HPC/Directories
Overview
Here is a summary of key directories related to Carbon, and environment variables used to access them:
Environment variable | Typical value | Shared across nodes | Notes |
---|---|---|---|
$HOME or ~ (tilde) |
/home/joe | yes | home sweet home |
$SANDBOX |
/sandbox/joe | yes | scratch space (short-term storage), not backed up |
$TMPDIR |
/tmp/12345.mds01.... | no | job-specfic scratch space |
$PBS_O_WORKDIR |
(yes) | the directory qsub was run in; typically used with cd $PBS_O_WORKDIR as first line in a job script
|
Details by function
Home directory
$HOME ~
The users' home directories are kept on a Lustre* file system and are backed up nightly. The home directory can be reached in standard Unix fashion using either the environment variable or the tilde sign in most shells (but generally not application programs, especially not those written in Fortran).
Your total file volume in $HOME is subject to a limit called quota, set at 0.5 TB for most users. This is a soft limit which can be exceeded by about 10% for a grace period of one week.
Global scratch space
$SANDBOX
This environment variable points to a user-specific directory which is shared by Lustre*.
Use this directory for short-lived files that need to be shared among multiple nodes, can get large, or change often. Usage policies (subject to change) are:
- Files are not backed up.
- Hard quota are 3 TB in volume and 2 million in file count.
- Soft quota are 10 GB and 10,000 files.
- The grace period for overflowing a soft limit is 3 weeks.
- If usage is still above the soft limit beyond the grace time, the file system will appear (to you) as being full. To recover, delete files.
- Files will be deleted automatically once they are older than 4 weeks.
These limits are aimed to keep space available for the intended use by short-lived files, in particular files of unusual size, or unusually many files.
Local scratch space
$TMPDIR
This variable and the directory it refers to is provided by the queueing system for all processes that execute a job. The directory:
- resides on local disk on each node,
- is named the same on each node,
- is not shared across nodes,
- is shared for processes on the same node (as many as given in "ppn=…"), in other words, the name is PBS job-specific, but not Unix PID-specific,
- typically provides about 100 GB of space,
- will be wiped upon job exit on each node.

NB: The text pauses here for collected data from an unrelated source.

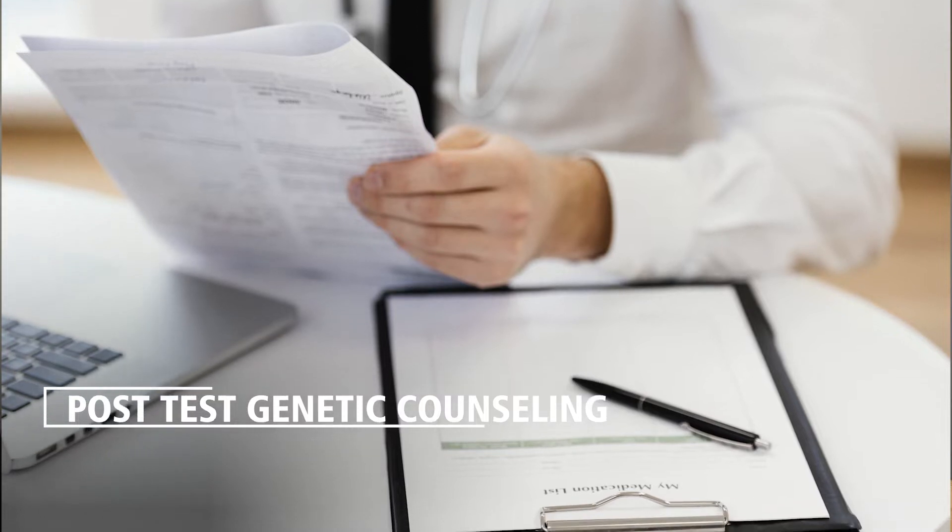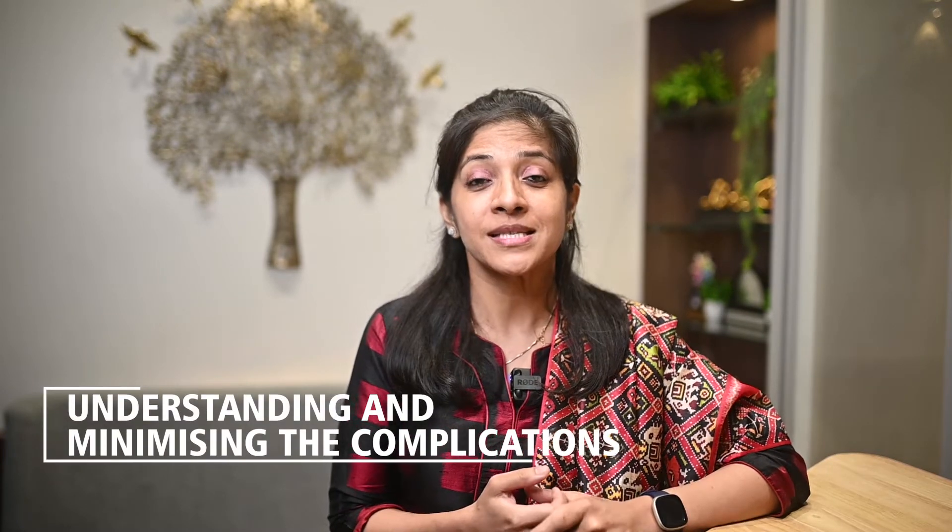What does the report exactly say? This is explained to the patient in the post-test genetic counselling session. In this session, we explain the correctness of the report — has it helped us solve the dilemma, diagnose the condition, or do we need further testing? It also helps us explain the likely diagnosis. Many times, a confirmed diagnosis helps us predict the nature of the disease, understand likely complications associated with the disease, and sometimes even minimize or prevent those complications.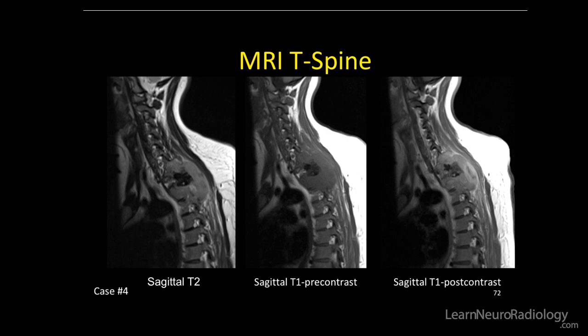Here's the MRI. On sagittal T2, the lesion is intermediate in signal and darker than CSF, and there is solid central enhancement on post-contrast imaging.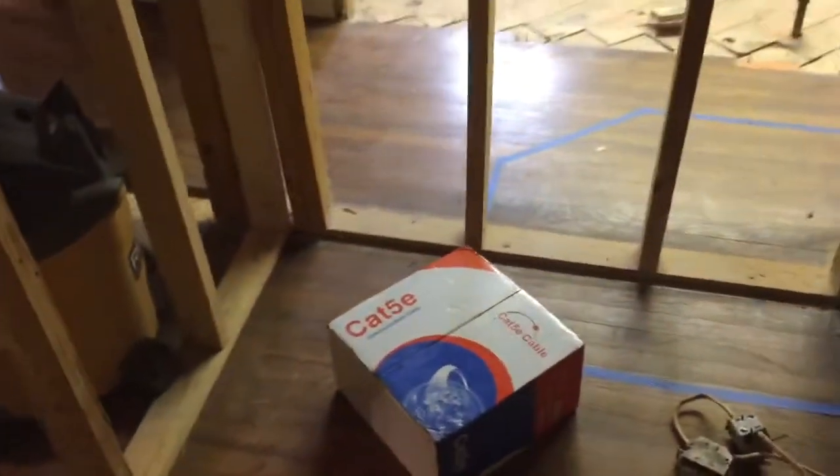Then we move into the closet — a huge walk-in closet for me and Sarah. I have a lot of clothes! So that's where we're at right now. There's still tons to do; lots of walls aren't put up yet. There's just so much going on.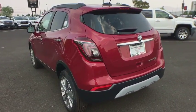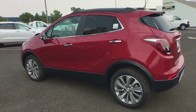Standard features that would make any car owner smile. Here are some of this vehicle's great options.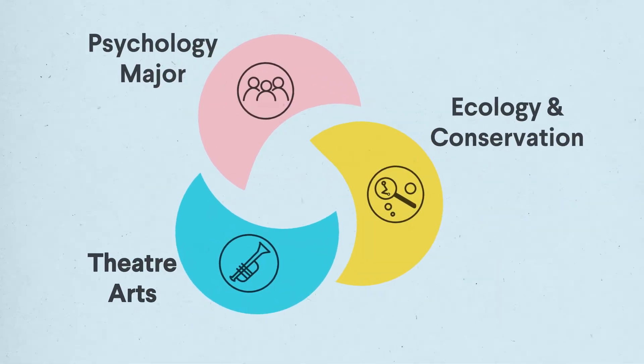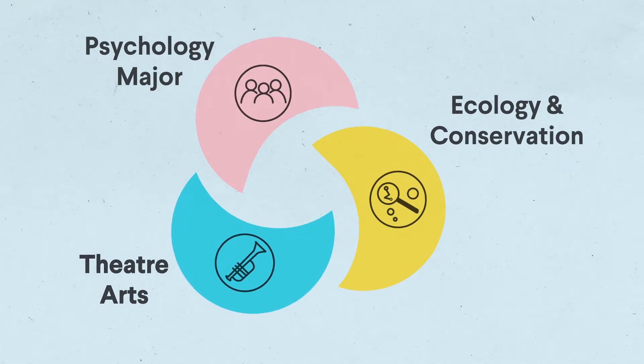Keep in mind, a Cognate is three courses, but it's easy to add a couple more courses and voilà, you have a minor. A lot of students do this, actually. The Cognates program is really an opportunity for you to explore a wide range of topics through courses that speak to your interests.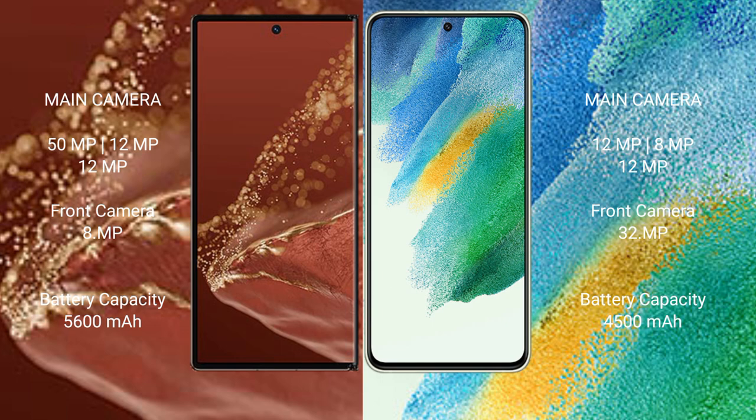The Huawei Mate XT Ultimate has a 5600mAh battery with 66W fast charging support. The Samsung Galaxy S21 FE has a 4500mAh battery with 25W fast charging support.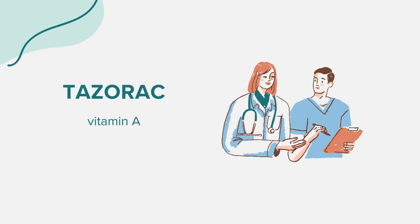Tazerac is typically applied once daily, either in the evening or at bedtime. Ensure you follow all directions on the prescription label and any accompanying guides. It's crucial not to ingest Tazerac — it's strictly for topical use. Avoid applying it to open wounds, sunburned, windburned, dry, chapped, or irritated skin.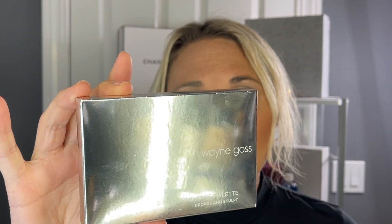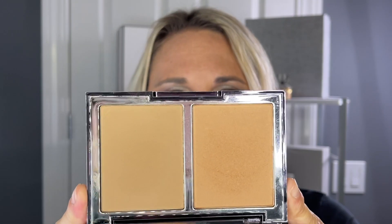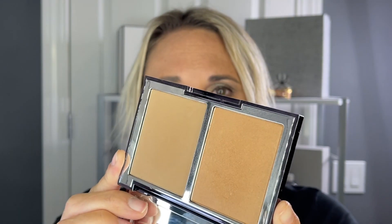Next is the Wayne Goss Radiance Boosting Face Palette. This is a bronzer — it's in satin bronze — and this is his powder bronze and contour duo. This is a product that I have and use, so I want to show you guys what it looks like. These are the shades, and they're really, really nice. I wanted to share one with you guys.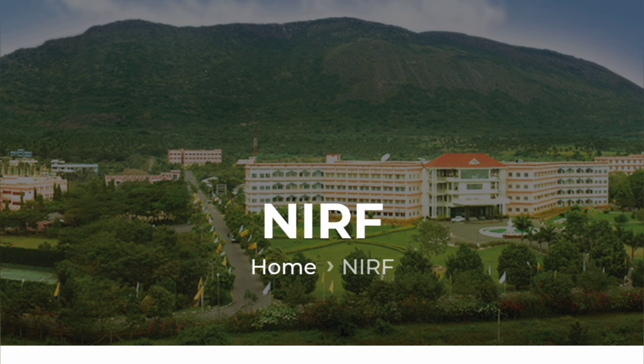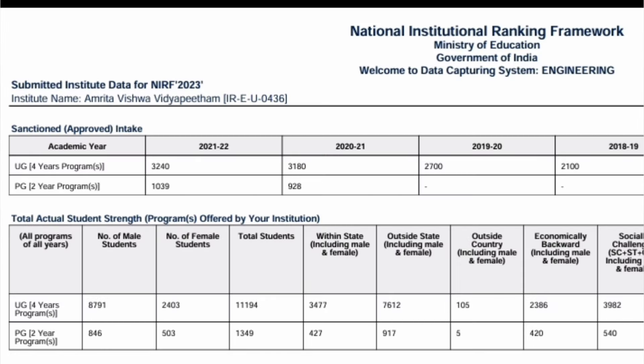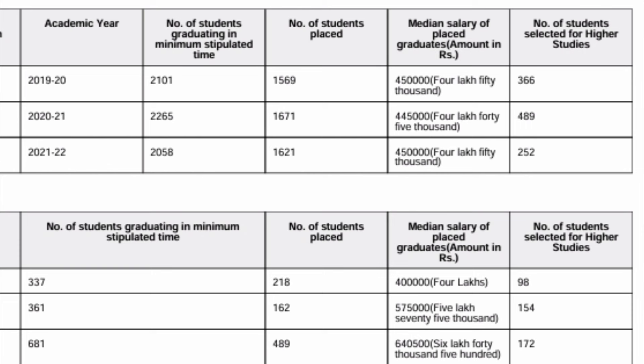Now let's look at the NIRF data for Amrita Vishwa Vidyapeetham, which gives detailed information on total intake versus placements over the last three years. In the 2021–22 batch, there were 3,240 seats across all campuses. For the 2020 passing batch, around 2,100 students were eligible, out of which 1,569 got placed with a median salary of 4.5 lakhs.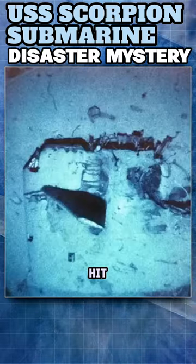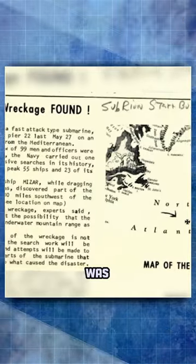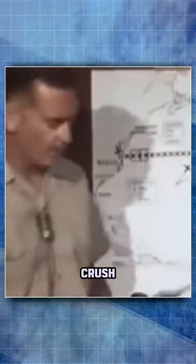The Scorpion attempted to evade the torpedo, but was eventually hit. The Scorpion's hull was found mostly intact on the ocean floor, meaning that she was already partially flooded when she sank below crush depth.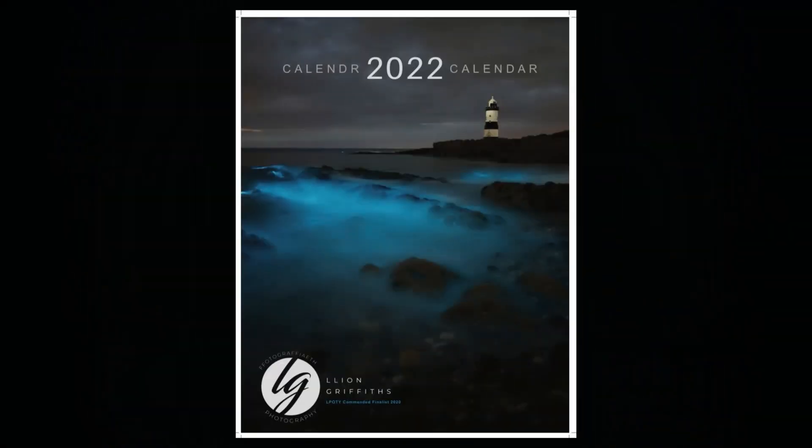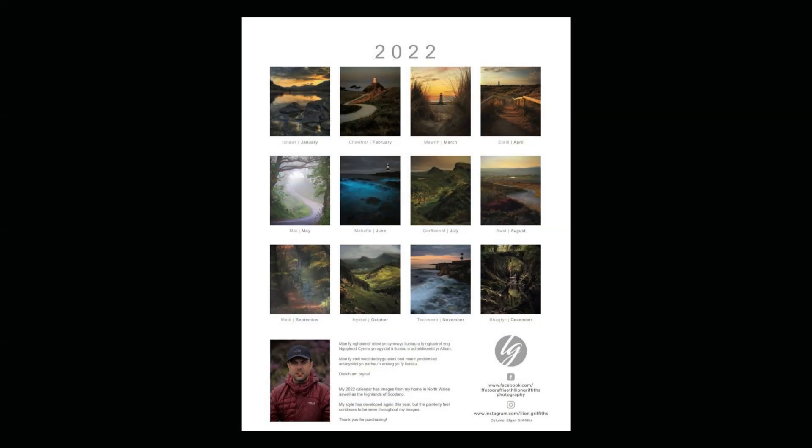Here's a picture of the front of the calendar. This particular image he actually got in the news on quite a few different websites. This is a luminescent plankton which I think he took at Holyhead, in that kind of region. And here's the back of the calendar showing you some of the images inside. Most of them are North Wales but this year he did venture up to Scotland and there are some pictures of the Highlands in the calendar as well.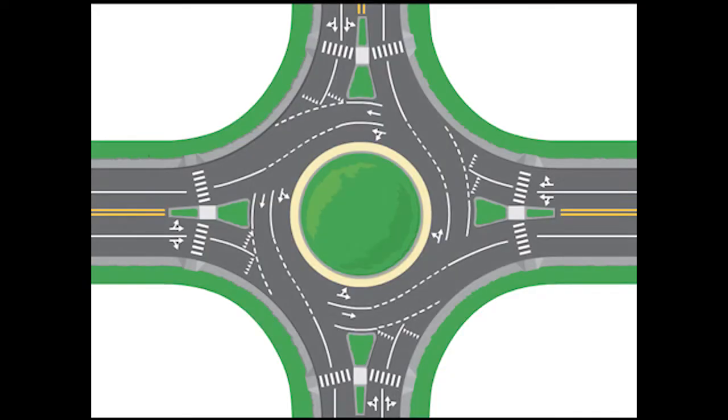Now let's see how to drive through a roundabout. As you approach the roundabout, slow down, look for pedestrians or cyclists in the crosswalks, then yield to traffic in the roundabout waiting for a gap, and then enter the roundabout. Once in the roundabout, determine which street you wish to exit on and proceed around to the exit. If you pass it up, simply go around again.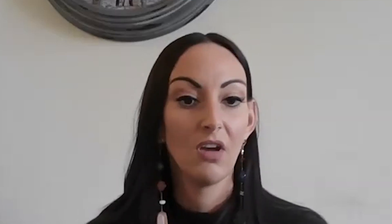Another great use for an app is push notifications, through which we can provide direct communication to the attendees instead of having printed signage. Interactive maps, questionnaires, and surveys are also extremely effective when done through the event app, so we can forego the pen and paper.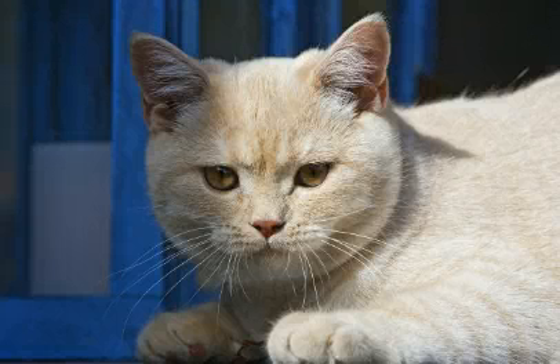Hi guys! In this video we will talk about British short hair cat facts.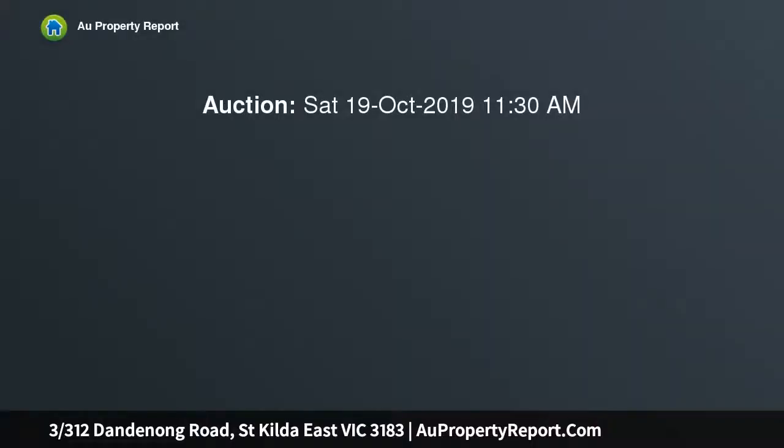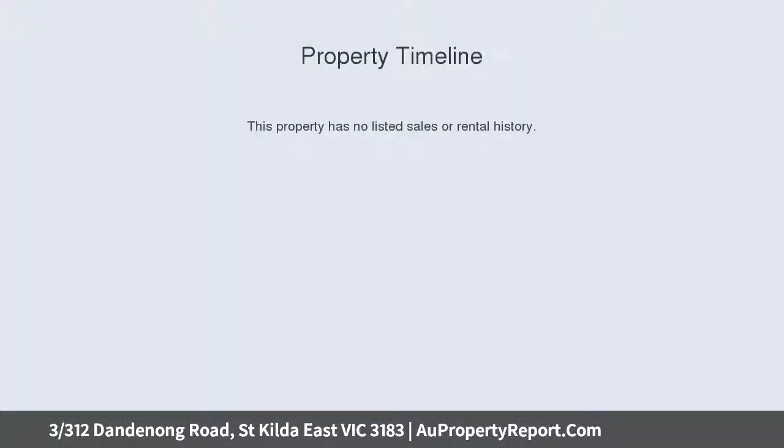First things first, don't let the main road location put you off, because this fabulous two bedroom ground floor apartment is set to the rear and so quiet you'll need to listen for yourself.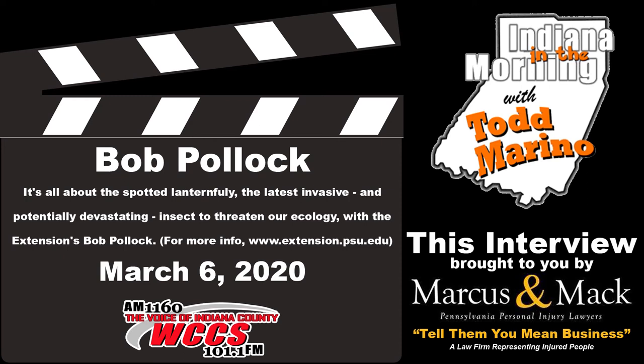We just heard from Marcus and Mack — the law firm representing injured people that brings us our conversations, including this one with Bob Pollack from the Penn State Extension.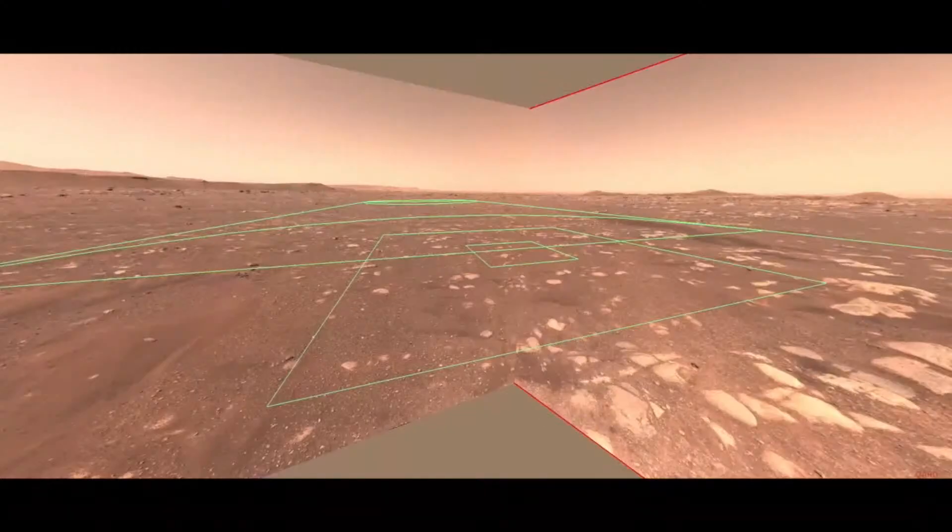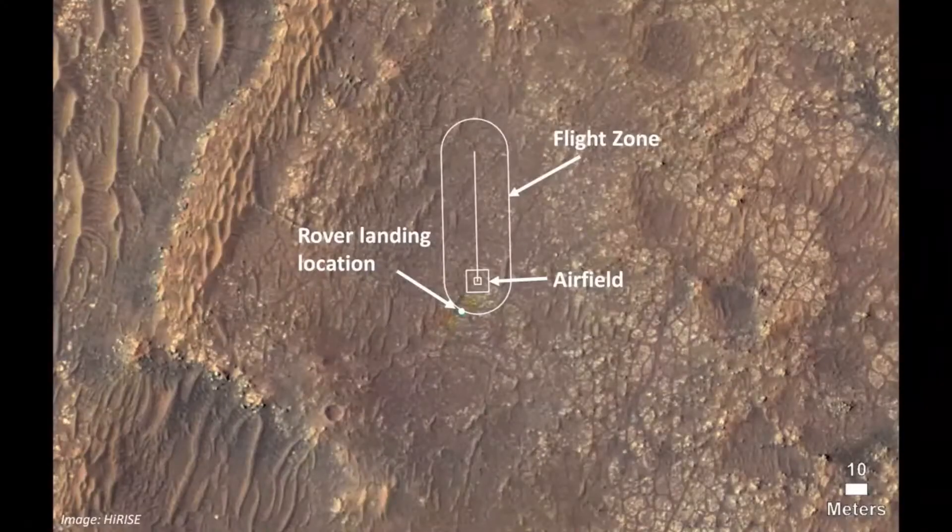We began to look for an airfield and a surrounding flight zone, first using satellite imagery, and then as it became available, images taken by the rover itself after it landed. We began to realize that we might just have a really great airfield right in front of our noses. We have a satellite image that shows where the rover landed as well as the flight zone and the airfield, and you can see it's just right north of where we landed.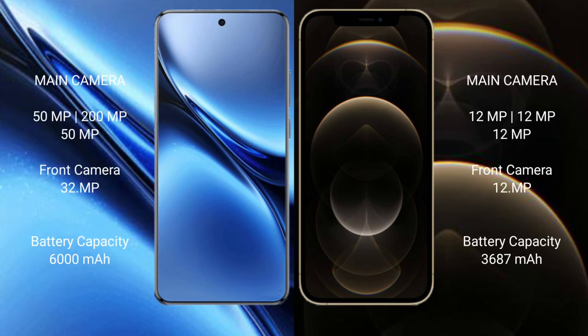Vivo X200 Pro features a rear triple camera setup: 50MP plus 200MP plus 50MP, and a 32MP front camera. iPhone 12 Pro Max features a rear triple camera setup: 12MP plus 12MP plus 12MP, and a 12MP front camera.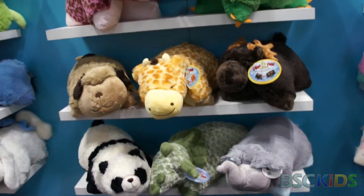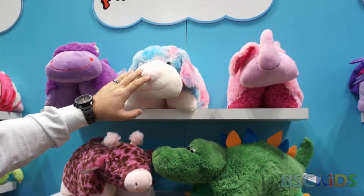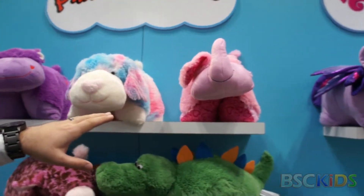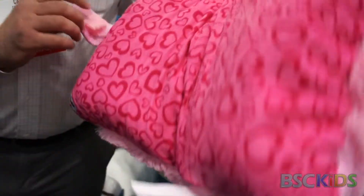These are just some new designs on the original pillow pets. So we have the heart hippo, the cotton candy dog, and the XOXO elephant has just a pattern of hearts on the bottom. It's really pretty.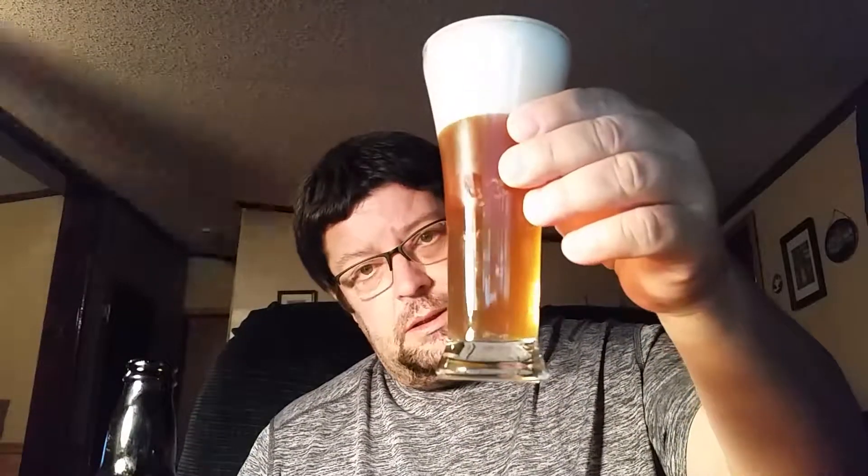Smell grapefruit. Get a yeasty, spicy aroma. Let's see if there's anything in the bottom. Head's going away — streaming a little bit, a little bit of carbonation, not much. Trying to make the head go away a little bit. It's kind of hazy — straw, hazy color.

The environment variable TMPDIR is not shared across nodes either. Either communicate it internal to your program, or have it exported by mpirun/mpiexec:
- OpenMPI
mpirun … \ -x TMPDIR \ [-x OTHERVAR] \ …
- Intel MPI
mpiexec.hydra … \ -genvlist TMPDIR[,OTHERVAR] \ …
Use in job files
You can use $TMPDIR
in one or more of the following ways:
- direct your application to store its temporary files there, which is typically done by command line switches or an environment variable such as:
export FOO_SCRATCH=$TMPDIR
- actually run your application there:
cd $TMPDIR
- In this case, make sure you either copy your input files there or you specify full paths to
$HOME
or$PPBS_O_WORKDIR
.
- copy files back upon job termination:
#PBS -W stageout=$TMPDIR/foo.ext@localhost:$PBS_O_WORKDIR #PBS -W stageout=$TMPDIR/*.bar@localhost:$PBS_O_WORKDIR
- You may specify several of these lines and use wildcards in to specify source files on the compute nodes. In contrast to explicit trailing "cp" commands in the job script, this copy will be executed even if a job overruns its walltime. See the qsub manual for further information.
(*) Lustre is a parallel file system that allows concurrent and coherent file access at high data rates.